Cronaca

Infermeria del carcere in tilt. 40 detenuti colti da malore


TARANTO- E’ allarme caldo nel carcere di Largo Magli. Ieri sera in poche ore, numerosi i detenuti che hanno accusato malori. “Continuano gli episodi che devono far riflettere – sottolinea il segretario dell’Osapp, Angelo Palazzo – Dalle 21 l’Infermeria dell’Istituto Penitenziario è andata in tilt. Circa quaranta detenuti hanno accusato malori in episodi e patologie diversi. In alcuni casi si è stati costretti all’invio in ospedale tramite il 118, grazie all’alta professionalità dei poliziotti e degli addetti all’Infermeria è tornata la situazione alla normalità verso le 2 di notte”. Un gruppo di detenuti ha inviato una lettera a TarantoBuonaSera per attirare l’attenzione sulle condizioni disagiate del carcere, spiegando che per loro “l’estate è un dramma”.

Descrivono una giornata tipo per far comprendere quali sono i loro quotidiani disagi: “Alle 8.30 e a volte alle 9 si scende al passeggio, si rientra alle 10.15, 10.30, per poi riscendere alle 12.45 e rientrare alle 14.15. Il resto delle ore si trascorre in una cella di 16 metri quadri, ma di spazio effettivo calpestabile di 7 metri quadri, costretti a convivere con altri tre e anche quattro detenuti”. “Il water è posto nello spazio dove si cucina senza alcun separè – si legge nella lettera – le docce sono consentite solo tre volte a settimana. E nella cella entra acqua quando piove”. I detenuti si lamentano anche dei momenti di colloquio con i familiari che: “Vengono effettuati con un muro divisorio e con un vetro alto 30, 40 centimetri. C’è l’obbligo di rimanere seduti e di conseguenza il contatto con il proprio familiare avviene a stento con una mano. C’è il divieto di avere in braccio il proprio figlio se solo questo ha superato i tre anni di vita. E di conseguenza non puoi neanche tenergli la mano perché la distanza del divisorio non lo consente. Nella sala colloqui, le finestre sono rotte e c’è sempre cattivo odore. Se ci si alza dallo sgabello in ferro per qualche minuto e per qualsiasi motivo anche inerente alla salute o per un po’ di affetto che cerchi vieni sanzionato. C’è il divieto di portare ai familiari più di due pacchi di alimenti”. Le alte temperature di questi giorni non fanno che peggiorare la situazione, creando nuovi problemi: “C’è il divieto (anche di estate) di portare acqua fredda”, “L’estate, un piccolo frigorifero è utilizzato solo per porvi l’acqua (due bottiglie per ogni cella).
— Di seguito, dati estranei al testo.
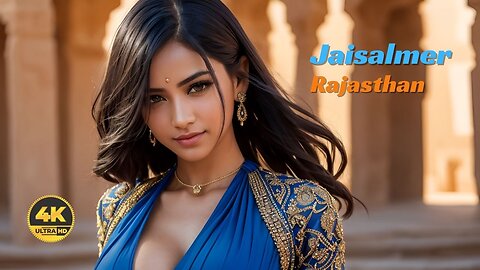 Royal Blue Rhapsody: 4k Ai Lookbook Girl in Jaisalmer Rajasthan #ailookbookgirl #aibeauty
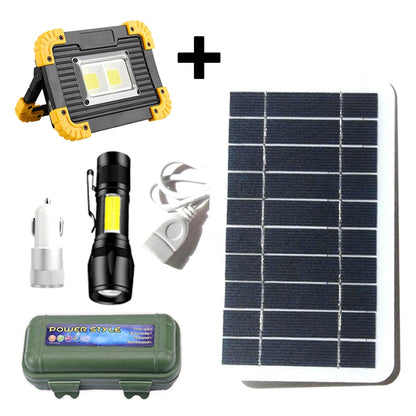 YAGOU Solar Panel Spotlight Set Portable Super Bright Saving COB LED Travel Light for Outdoor Camping Hike Fishing Solar Charger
Non si possono tenere alimenti”, o ancora: “L’estate c’è il divieto di scendere in pantaloncini corti, bermuda, canotte o scarpe aperte. C’è l’obbligo di pantaloni lunghi, scarpe chiuse e solo ai passeggi puoi toglierli. Non c’è attività sportiva. Per chi corre di mattina non è consentito scendere bottiglie d’acqua, una magliettina di ricambio, un’asciugamano, una radiolina”. I detenuti concludono la lettera con la speranza di essere ascoltati.